Poor Sam Mitchell. Something about his presence just seems to bring out the best in Kobe Bryant. The most famous example is Bryant's 81-point outburst against Mitchell's Raptors in 2006. But even now, as Kobe limps towards the finish line, Mitchell still can't escape the Mamba's wrath.
Mitchell's presence sprung Kobe to life when the Lakers took on the Timberwolves on Tuesday. Thirty-eight points later, Bryant subdued the young Wolves and brought back painful memories for their coach.
"I hate him," Mitchell said after the game, via ESPN. "If I don't ever see him again, it will be too soon. I hate him."
Mitchell surely will have nightmares about how Bryant lit up Andrew Wiggins, the Wolves' budding young star. Kobe, who is shooting just 35 percent on the year, finished the night 10 for 21 from the field. He connected on seven of his 11 shots from deep, the most three-pointers he's made in a game since March of 2008. He even scored 14 of the Lakers' final 18 points, including a vintage fadeaway to push L.A.'s lead up to three with just under 30 seconds left in the contest.
"It was just another Mamba moment to add to the collection," Lakers rookie guard D'Angelo Russell said to reporters afterwards, via ESPN. "There should be a museum of just Mamba moments."
Mitchell was already in a bad mood before the game, so the loss surely made him angrier. When asked by reporters before the game about Bryant's 81-point night 10 years ago, he shouted them down.
"Can y'all ask me something [else]?" he responded, according to ESPN. "I think I've answered that question for the last five years enough."
At least Mitchell got to answer different questions after the game.
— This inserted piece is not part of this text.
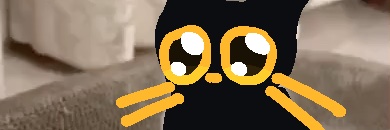 SoftStar1347's profile banner image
He got a front-row seat to a slightly different Bryant, one that made a few adjustments to become a little more efficient. After opening the year throwing up airballs and bricks, he's began to take more shots within the offense's flow. The change has paid off, at least a little. Over his last 12 games, Bryant is shooting just under 40 percent and averaging 14 points in 25 minutes. That's actually much better than where he was beforehand.
On Tuesday he played 33 minutes, as the Lakers needed him on the floor to avoid losing a franchise-record 11th straight game. Given the plight of both teams, at least Bryant and Mitchell could laugh about old memories afterwards.
"Listen, I gave him a hard time, too, about it, just joking and stuff like that," Bryant said. "But honestly, that night, there was nothing much he could've done."